Ao reconstituir o papel histórico do TCU, o parlamentar lembrou a tradição de fiscalização técnica que remonta à influência de figuras como Rui Barbosa e ressaltou que a Constituição de 1988 ampliou os critérios de atuação do tribunal, incorporando legalidade, legitimidade e economicidade à agenda de controle externo. Para Leal, a manutenção da autonomia administrativa e financeira do TCU é condição imprescindível para decisões imparciais.
O deputado sustentou que sua experiência na Comissão Mista de Orçamento — onde foi relator da meta fiscal de 2015 e relator‑geral do orçamento de 2022 — o qualifica para avaliar a realidade fiscal. Citou a rigidez do orçamento federal, hoje superior a R$ 6 trilhões, com grande parcela comprometida por despesas obrigatórias como dívida e Previdência, reduzindo a margem para investimentos.
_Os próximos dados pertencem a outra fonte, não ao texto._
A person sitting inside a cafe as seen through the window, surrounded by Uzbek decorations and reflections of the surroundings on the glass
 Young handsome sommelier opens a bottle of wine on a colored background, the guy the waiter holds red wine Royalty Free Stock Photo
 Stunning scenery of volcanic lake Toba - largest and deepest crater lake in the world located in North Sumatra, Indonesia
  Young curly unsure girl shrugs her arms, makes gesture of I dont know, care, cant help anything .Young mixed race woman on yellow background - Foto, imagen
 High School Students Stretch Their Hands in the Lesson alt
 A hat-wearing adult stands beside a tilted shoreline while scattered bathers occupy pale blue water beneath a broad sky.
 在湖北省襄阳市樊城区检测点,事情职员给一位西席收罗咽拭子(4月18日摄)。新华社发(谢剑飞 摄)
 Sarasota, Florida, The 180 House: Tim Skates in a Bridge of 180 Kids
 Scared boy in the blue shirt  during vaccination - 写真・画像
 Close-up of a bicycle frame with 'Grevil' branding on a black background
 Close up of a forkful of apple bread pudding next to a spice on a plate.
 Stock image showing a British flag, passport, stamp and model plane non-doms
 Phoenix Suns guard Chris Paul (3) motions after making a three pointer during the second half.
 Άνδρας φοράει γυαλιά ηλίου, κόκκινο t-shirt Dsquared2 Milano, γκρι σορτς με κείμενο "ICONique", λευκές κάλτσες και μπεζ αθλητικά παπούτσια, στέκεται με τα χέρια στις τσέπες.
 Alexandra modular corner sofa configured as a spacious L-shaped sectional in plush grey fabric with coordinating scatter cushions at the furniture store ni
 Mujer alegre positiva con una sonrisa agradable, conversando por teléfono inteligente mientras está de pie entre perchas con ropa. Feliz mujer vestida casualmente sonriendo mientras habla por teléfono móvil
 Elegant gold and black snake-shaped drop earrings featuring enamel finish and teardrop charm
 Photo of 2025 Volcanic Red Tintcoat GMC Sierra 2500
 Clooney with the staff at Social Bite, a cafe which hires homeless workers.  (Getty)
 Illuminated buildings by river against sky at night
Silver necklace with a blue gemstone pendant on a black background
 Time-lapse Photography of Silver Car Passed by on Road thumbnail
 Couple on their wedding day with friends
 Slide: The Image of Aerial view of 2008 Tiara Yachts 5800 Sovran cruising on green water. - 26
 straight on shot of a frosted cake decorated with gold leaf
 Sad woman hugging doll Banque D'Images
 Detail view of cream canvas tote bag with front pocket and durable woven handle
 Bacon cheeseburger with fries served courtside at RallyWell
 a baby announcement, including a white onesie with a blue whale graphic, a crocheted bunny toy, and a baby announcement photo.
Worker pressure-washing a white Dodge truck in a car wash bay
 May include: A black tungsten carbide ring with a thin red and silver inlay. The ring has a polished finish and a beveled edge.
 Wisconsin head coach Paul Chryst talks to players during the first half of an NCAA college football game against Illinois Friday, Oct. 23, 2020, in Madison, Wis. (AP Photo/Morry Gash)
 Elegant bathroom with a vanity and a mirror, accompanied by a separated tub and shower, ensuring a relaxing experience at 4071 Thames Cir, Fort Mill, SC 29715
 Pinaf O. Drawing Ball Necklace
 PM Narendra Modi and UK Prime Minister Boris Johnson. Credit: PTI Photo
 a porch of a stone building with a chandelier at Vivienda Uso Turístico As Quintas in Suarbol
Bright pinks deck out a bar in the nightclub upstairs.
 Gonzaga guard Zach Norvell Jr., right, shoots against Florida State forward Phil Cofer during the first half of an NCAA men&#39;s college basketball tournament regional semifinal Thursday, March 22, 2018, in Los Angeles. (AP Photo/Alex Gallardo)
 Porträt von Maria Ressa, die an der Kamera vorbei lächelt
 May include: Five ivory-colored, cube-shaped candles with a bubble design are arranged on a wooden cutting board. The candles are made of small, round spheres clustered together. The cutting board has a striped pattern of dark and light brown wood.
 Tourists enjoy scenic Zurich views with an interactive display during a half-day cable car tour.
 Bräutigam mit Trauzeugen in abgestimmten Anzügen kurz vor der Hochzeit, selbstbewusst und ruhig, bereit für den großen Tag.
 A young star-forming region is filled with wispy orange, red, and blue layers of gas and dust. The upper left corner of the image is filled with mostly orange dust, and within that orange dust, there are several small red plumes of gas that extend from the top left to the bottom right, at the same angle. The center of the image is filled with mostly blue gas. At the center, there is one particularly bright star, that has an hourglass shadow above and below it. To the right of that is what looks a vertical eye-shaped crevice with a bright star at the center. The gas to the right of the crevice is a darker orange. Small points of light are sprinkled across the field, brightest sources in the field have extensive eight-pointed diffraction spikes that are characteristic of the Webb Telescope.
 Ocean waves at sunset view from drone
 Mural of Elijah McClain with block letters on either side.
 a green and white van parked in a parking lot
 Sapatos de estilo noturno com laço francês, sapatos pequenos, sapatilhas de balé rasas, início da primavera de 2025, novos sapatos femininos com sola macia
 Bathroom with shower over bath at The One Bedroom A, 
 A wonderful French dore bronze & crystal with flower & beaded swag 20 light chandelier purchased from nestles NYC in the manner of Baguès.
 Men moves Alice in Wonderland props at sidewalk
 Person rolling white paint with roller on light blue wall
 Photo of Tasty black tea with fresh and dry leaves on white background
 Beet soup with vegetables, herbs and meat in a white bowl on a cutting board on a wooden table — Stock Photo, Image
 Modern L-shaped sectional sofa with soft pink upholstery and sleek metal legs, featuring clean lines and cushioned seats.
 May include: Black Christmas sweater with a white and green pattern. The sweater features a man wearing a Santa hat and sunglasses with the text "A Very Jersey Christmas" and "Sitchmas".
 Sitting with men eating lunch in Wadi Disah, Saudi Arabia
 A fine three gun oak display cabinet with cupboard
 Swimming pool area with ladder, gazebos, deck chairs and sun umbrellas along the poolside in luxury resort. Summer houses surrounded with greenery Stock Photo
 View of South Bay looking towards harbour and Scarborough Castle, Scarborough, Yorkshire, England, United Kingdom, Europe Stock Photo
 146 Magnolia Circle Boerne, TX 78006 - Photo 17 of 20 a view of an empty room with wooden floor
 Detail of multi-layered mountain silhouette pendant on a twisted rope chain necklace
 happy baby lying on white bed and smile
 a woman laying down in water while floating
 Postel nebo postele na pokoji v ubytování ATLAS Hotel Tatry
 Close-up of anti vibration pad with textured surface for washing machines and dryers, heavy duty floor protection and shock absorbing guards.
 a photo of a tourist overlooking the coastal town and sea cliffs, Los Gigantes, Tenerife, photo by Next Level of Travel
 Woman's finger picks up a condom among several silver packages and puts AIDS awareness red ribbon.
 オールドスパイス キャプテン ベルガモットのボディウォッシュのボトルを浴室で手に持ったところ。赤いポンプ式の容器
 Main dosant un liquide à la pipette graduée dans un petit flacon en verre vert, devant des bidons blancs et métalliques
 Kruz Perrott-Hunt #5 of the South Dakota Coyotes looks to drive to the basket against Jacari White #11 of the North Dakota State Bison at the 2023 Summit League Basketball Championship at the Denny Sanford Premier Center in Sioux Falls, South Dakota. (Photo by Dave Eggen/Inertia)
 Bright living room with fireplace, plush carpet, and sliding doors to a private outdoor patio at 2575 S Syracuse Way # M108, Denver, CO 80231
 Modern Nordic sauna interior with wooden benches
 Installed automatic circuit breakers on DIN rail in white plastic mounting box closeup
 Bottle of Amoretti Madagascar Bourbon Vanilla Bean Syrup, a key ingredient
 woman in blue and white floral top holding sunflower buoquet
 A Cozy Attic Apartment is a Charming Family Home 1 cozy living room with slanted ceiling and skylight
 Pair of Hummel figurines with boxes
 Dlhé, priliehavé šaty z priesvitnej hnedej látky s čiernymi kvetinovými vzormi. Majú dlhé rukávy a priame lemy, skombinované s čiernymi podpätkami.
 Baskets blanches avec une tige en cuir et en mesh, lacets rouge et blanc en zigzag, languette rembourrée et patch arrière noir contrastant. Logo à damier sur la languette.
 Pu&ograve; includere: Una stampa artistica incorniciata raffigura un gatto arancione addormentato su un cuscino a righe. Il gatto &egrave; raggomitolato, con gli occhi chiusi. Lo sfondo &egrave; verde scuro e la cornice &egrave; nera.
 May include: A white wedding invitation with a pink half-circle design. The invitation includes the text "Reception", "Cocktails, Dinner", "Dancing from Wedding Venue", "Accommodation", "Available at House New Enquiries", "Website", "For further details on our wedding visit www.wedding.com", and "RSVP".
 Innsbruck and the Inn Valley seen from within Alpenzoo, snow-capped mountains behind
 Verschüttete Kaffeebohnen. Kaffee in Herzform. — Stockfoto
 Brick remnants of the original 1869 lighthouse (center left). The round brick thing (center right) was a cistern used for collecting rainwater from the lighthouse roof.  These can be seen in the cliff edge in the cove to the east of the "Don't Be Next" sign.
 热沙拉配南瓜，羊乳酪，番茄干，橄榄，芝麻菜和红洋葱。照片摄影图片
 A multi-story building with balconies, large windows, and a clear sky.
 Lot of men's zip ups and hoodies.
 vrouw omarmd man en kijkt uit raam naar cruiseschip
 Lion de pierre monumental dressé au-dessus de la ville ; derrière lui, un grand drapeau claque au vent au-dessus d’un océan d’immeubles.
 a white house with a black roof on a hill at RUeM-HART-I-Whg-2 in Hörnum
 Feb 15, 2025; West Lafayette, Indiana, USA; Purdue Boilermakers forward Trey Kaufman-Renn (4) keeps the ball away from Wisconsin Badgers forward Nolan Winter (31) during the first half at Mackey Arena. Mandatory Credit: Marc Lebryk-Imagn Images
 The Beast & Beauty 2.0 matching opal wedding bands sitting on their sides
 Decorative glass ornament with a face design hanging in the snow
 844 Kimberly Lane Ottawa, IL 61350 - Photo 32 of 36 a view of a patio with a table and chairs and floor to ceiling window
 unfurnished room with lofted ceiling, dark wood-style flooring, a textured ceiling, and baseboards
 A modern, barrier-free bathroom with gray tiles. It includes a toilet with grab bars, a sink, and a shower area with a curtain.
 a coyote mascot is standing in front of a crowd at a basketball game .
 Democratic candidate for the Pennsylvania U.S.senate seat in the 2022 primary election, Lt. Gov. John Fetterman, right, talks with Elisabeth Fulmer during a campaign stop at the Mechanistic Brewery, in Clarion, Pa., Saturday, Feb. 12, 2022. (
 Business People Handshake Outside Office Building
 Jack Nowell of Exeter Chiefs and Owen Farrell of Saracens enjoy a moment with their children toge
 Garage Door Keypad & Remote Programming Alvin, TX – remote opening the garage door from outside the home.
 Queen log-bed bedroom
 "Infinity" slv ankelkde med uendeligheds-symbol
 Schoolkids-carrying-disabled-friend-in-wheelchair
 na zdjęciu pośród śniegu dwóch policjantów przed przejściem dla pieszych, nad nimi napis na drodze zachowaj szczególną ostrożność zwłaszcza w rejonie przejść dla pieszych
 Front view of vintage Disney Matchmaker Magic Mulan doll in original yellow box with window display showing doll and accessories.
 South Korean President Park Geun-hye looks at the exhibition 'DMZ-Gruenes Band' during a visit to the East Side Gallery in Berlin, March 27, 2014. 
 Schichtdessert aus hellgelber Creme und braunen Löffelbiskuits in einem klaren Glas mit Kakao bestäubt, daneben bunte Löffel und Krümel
Também evocou seu trabalho na implementação da Lei de Responsabilidade Fiscal como formação em governança.
Do ponto de vista político, a sabatina reforça que a disputa pela vaga no TCU ganha contorno técnico‑orçamentário: a escolha tende a privilegiar quem demonstra leitura precisa das contas públicas e capacidade de lidar com temas sensíveis, como emendas de relator. O desafio é preservar a independência do tribunal sem sacrificar o diálogo com o Congresso — equilíbrio que definirá a efetividade do controle externo sobre o gasto público.